Apparently, when Paul McCartney checks into hotels he uses the alias “Paul Ramon.” The Ramones, in a sort of pseudonym frenzy, adopted this cover name as their own, creating a fictitious family of fake McCartneys. Awesome.
7. Steely Dan
Steely Dan takes the cake for having a name that is both literary and highly pornographic. A Steely Dan, as described by William Burroughs in the seminal drug-addled lunatic bible that is Naked Lunch, is an enormous steam-powered dildo. It almost makes us want to give the band another listen.
8. Radiohead
Originally named “On a Friday,” the band was forced to change their name after signing with Parlaphone, who (wisely) thought it wouldn’t move much merch. “Radio Head” comes from a Talking Heads song, which Yorke proclaimed “the least annoying song” from the album True Stories.
9. The Grateful Dead
Accounts vary as to who it was, exactly, who landed on the name “The Grateful Dead,” but all of them go something like this: they were all sitting around doing psychotropic drugs and landed on it in the dictionary, possibly through a board game of some sort.
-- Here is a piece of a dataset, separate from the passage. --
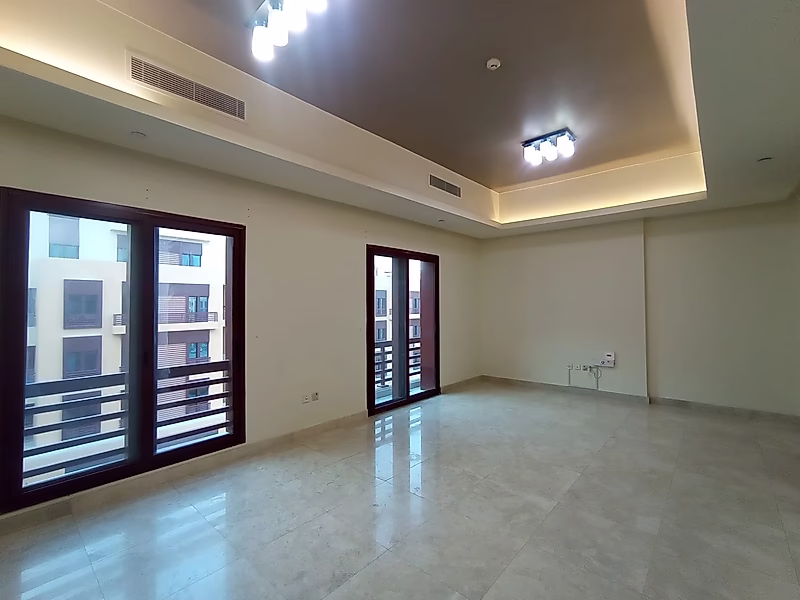 Qatar Cool Included: Semi Furnished 1BR Apt. In Lusail - Photo 7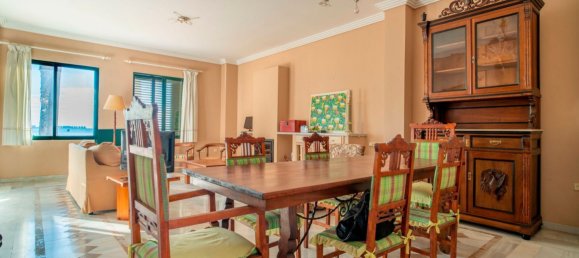 7 bedrooms Villa in San Javier, Spain No. 34100 17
And then they were all like, “far out, man” and someone laughed and passed the spliff. Apt, no?
10. Joy Division
You might think that the name Joy Division is an ill-fitting for such a gloomy band — or maybe slyly ironic. Turns out, it’s just kind of horrifying. Originally called Warsaw, the band renamed themselves to avoid confusion with another similarly-titled band and took the term “Joy Division” from the 1955 book The House of Dolls, which described Nazi-visited brothels in concentration camps. And the name for these sexual slavery quarters? You got it. Joy Divisions. Yow.